Cour d’appel administrative de Nancy, le 5 juin 2025, n°23NC00114

La Cour administrative d’appel de Nancy a rendu, le 5 juin 2025, un arrêt relatif à la régularité d’une mise en demeure de l’inspection du travail. Un contrôle effectué le 5 décembre 2018 avait révélé l’étroitesse du module aval des caisses d’un magasin, dépourvu de plan incliné ou de butée. L’inspecteur avait exigé le remplacement de ces équipements pour prévenir les troubles musculo-squelettiques des salariés affectés aux postes d’encaissement de l’établissement. L’administration a rejeté les recours préalable et hiérarchique formés par la société commerciale contre cette injonction technique fondée sur le code du travail. Le tribunal administratif de Nancy a toutefois annulé ces décisions le 17 novembre 2022, provoquant l’appel immédiat du ministre chargé du travail. Le requérant soutient que l’organisation du travail ne pallie pas l’absence de meubles adaptés aux manutentions manuelles de produits de plus de trois kilogrammes. La juridiction doit déterminer si l’aménagement technique des postes d’encaissement méconnaît les obligations de sécurité de l’employeur malgré l’absence de preuves ergonomiques précises. Elle rejette l’appel en estimant que l’inadaptation du mobilier n’est pas démontrée par le seul constat de son faible dimensionnement spatial. L’analyse de la configuration des postes de travail précède l’examen de la légalité de l’injonction administrative au regard des risques professionnels réels.

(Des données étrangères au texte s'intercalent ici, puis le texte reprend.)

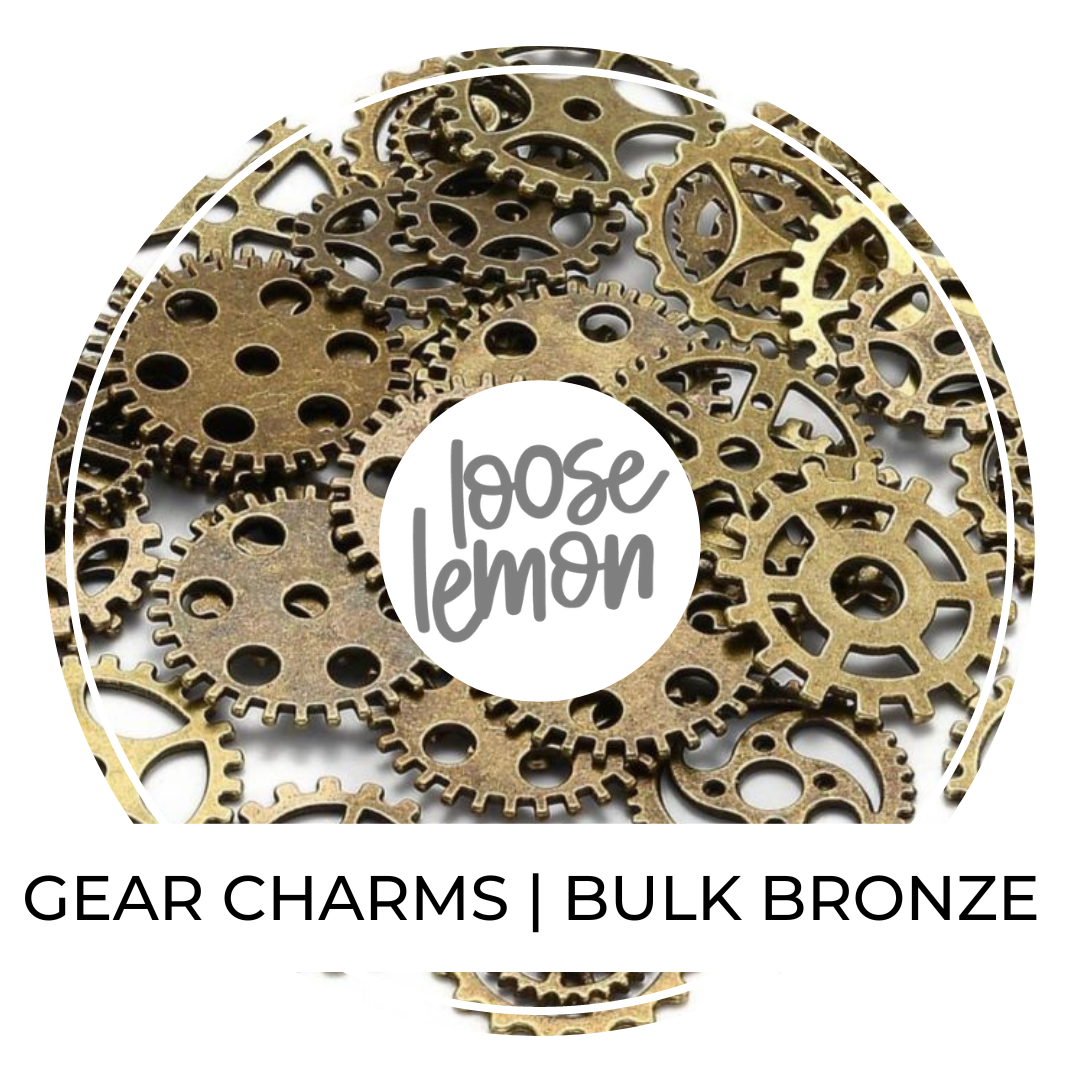 Bronze Gear Charms (50g)
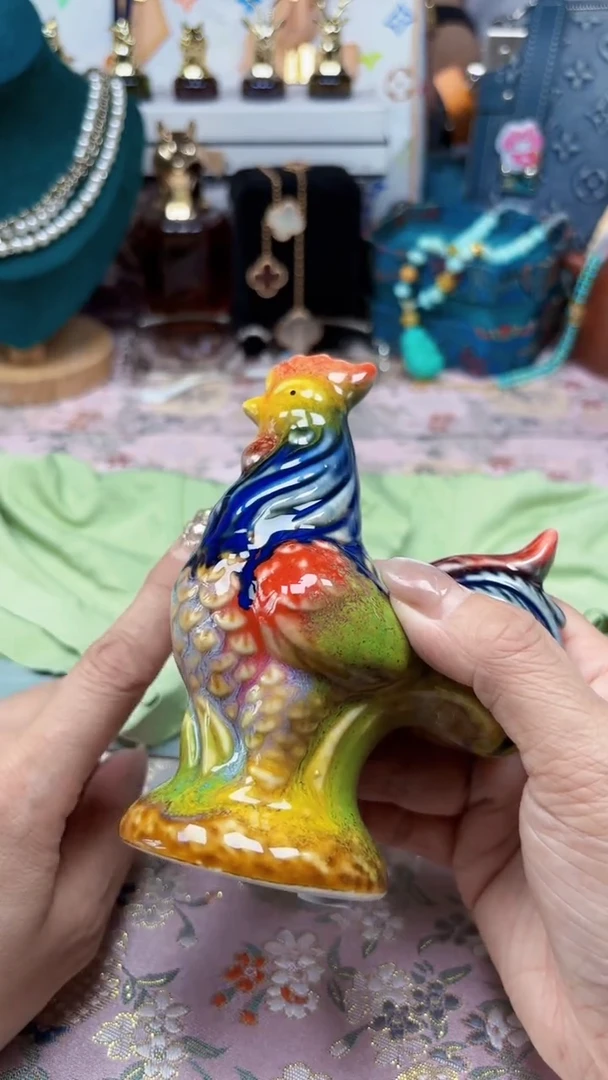 瓷片陶茶666文玩周边多人4XL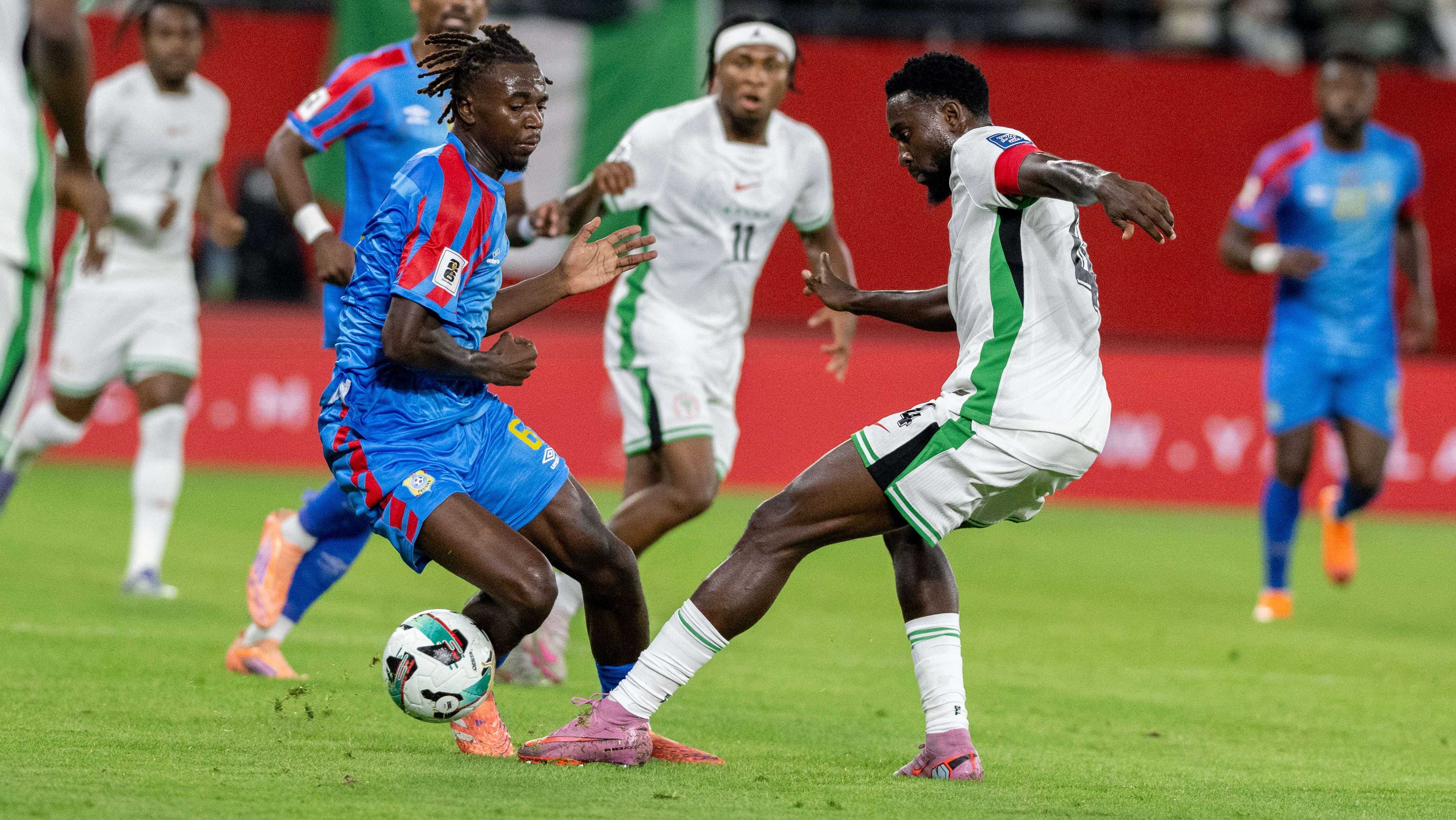 DT de Nigeria acusó al cuerpo técnico de la R.D. Congo de hacer “vudú ...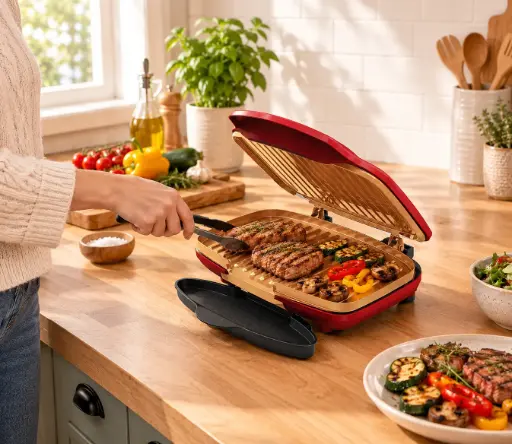 [HV-ZFG10] ZERO FAT GRILL (GRILL ZERO GRAS)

I. La caractérisation défaillante de l’inadaptation des équipements de travail

A. Le constat insuffisant d’une contrainte spatiale

La juridiction administrative examine d’abord les caractéristiques physiques des meubles d’encaissement dont le « module aval parfaitement rectiligne » était critiqué par l’administration. Elle relève que le caractère court de cet équipement constitue une « limite spatiale à l’amplitude des mouvements » effectuée par les opérateurs. Cette observation contredit l’analyse de l’inspection du travail qui voyait dans cette configuration une aggravation certaine des risques de troubles musculo-squelettiques. Les juges considèrent que la faible distance à franchir pour faire glisser les produits limite en réalité les efforts physiques requis lors du passage. L’administration n’établit pas que les mouvements induits par cette conception spécifique excéderaient les zones de manipulations habituelles ou la zone fonctionnelle des épaules. La Cour administrative d’appel de Nancy refuse ainsi de déduire l’existence d’un danger du seul constat visuel d’un équipement jugé trop exigu.

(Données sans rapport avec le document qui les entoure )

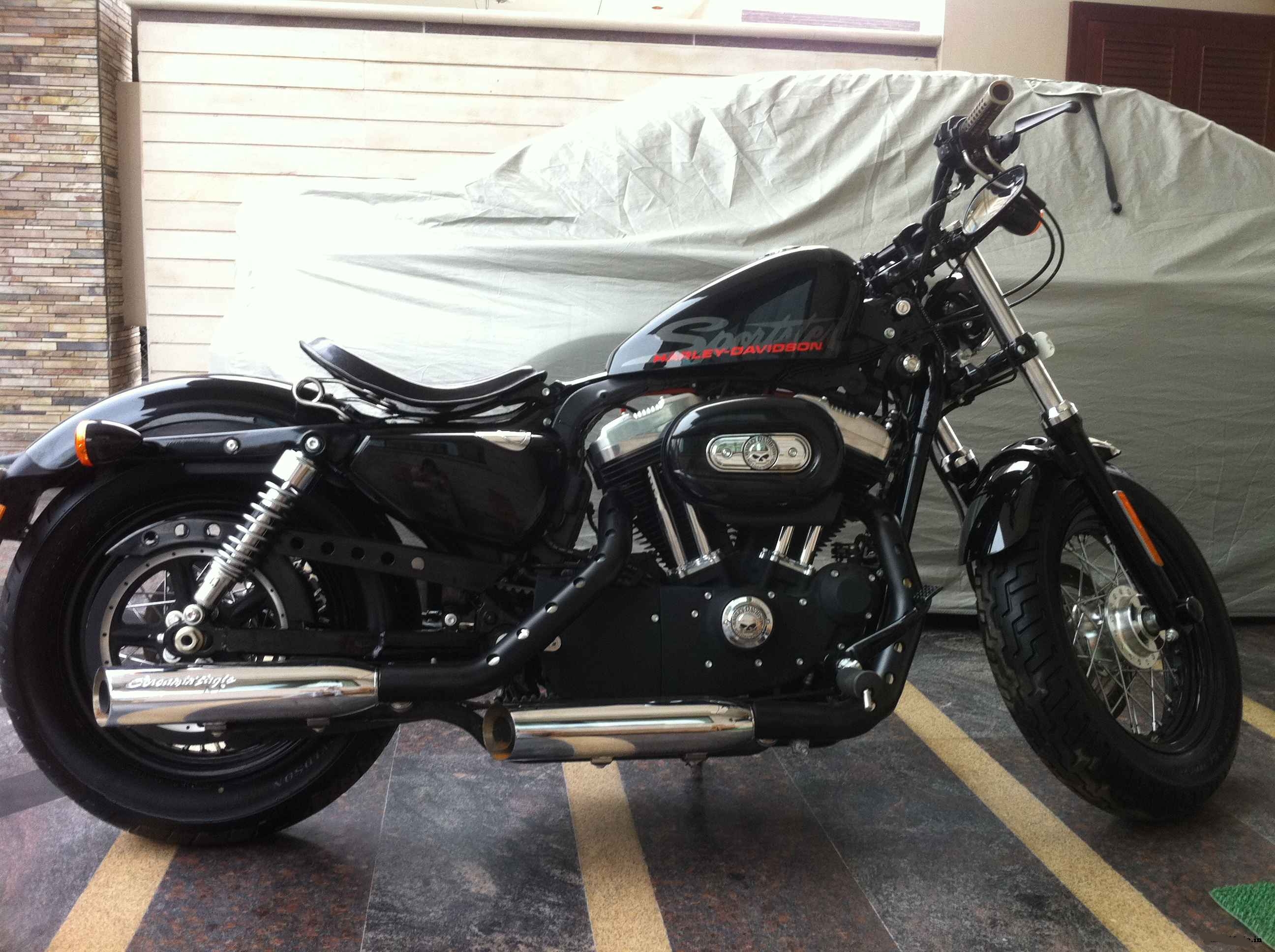 Harley-Davidson XL1200X Forty-Eight 2011 #8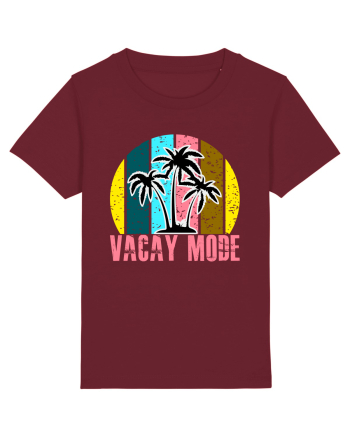 Vacay Mode Burgundy
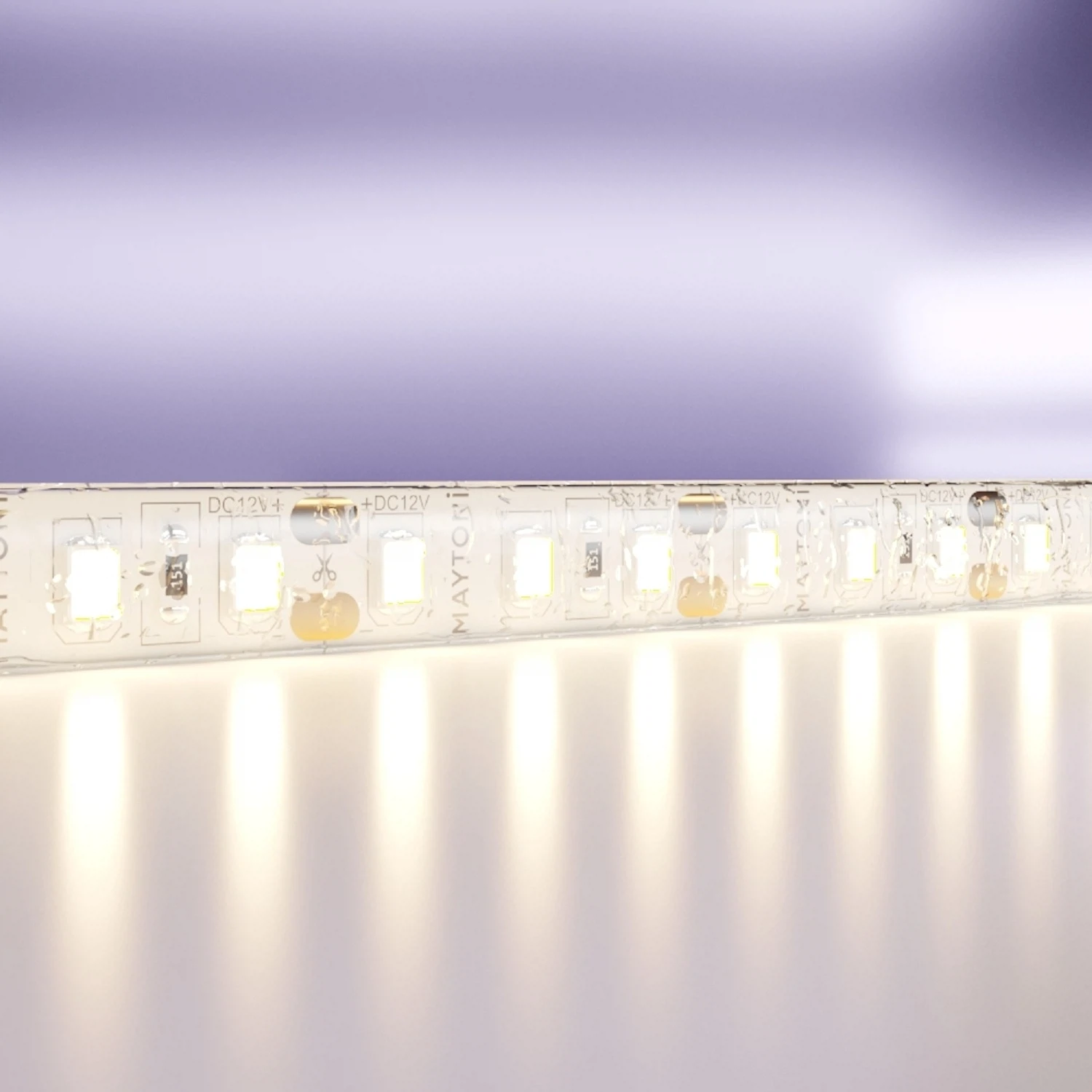 Изображение товара Светодиодная лента Maytoni Led Strip 12В 2835 9,6Вт/м 3000K 5м IP65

B. L’exigence de preuves relatives aux sollicitations biomécaniques

L’arrêt souligne l’absence de démonstration probante concernant l’augmentation des sollicitations physiques imposées aux salariés par l’usage de ces meubles d’encaissement particuliers. La décision mentionne que la norme NF X-35-701, bien que non contraignante, sert de référence utile pour apprécier les zones de manipulation acceptables. Or, il n’apparaît pas que les postes de travail litigieux imposent des postures pénibles ou des positions forcées des articulations au sens légal. Le sous-dimensionnement du module peut certes entraîner une accumulation d’articles selon la rapidité des clients mais ne génère pas de manutention supplémentaire. L’opérateur de caisse se trouve simplement contraint de ralentir son rythme de travail ou d’attendre que le client libère l’espace de dépose. Cette situation ne constitue pas un équipement inadapté à la préservation de la santé des travailleurs au sens des dispositions du code du travail.

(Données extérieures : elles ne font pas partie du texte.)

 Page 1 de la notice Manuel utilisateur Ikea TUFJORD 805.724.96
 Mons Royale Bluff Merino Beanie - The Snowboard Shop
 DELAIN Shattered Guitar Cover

II. Le contrôle de la légalité des mesures de prévention technique

A. La distinction entre rythme de travail et risque de manutention

La Cour administrative d’appel de Nancy opère une distinction nécessaire entre les modalités d’organisation du travail et l’adéquation intrinsèque du matériel utilisé. Elle note qu’il n’est pas établi que les difficultés de glissement des marchandises imposent une charge physique accrue aux agents d’encaissement concernés. L’autorité administrative n’a pas prouvé que le manquement reproché était directement lié aux risques inhérents à la manutention de produits pesant plus de trois kilogrammes. Le juge administratif rappelle que l’employeur peut recourir à la polyvalence pour limiter l’effort physique et réduire le risque encouru lors des opérations. En l’absence de constatation d’un manquement précis sur l’organisation générale, le reproche fondé exclusivement sur la structure du meuble aval demeure inopérant. La décision confirme ainsi que la protection de la santé ne saurait justifier des injonctions matérielles sans lien direct avec un risque avéré.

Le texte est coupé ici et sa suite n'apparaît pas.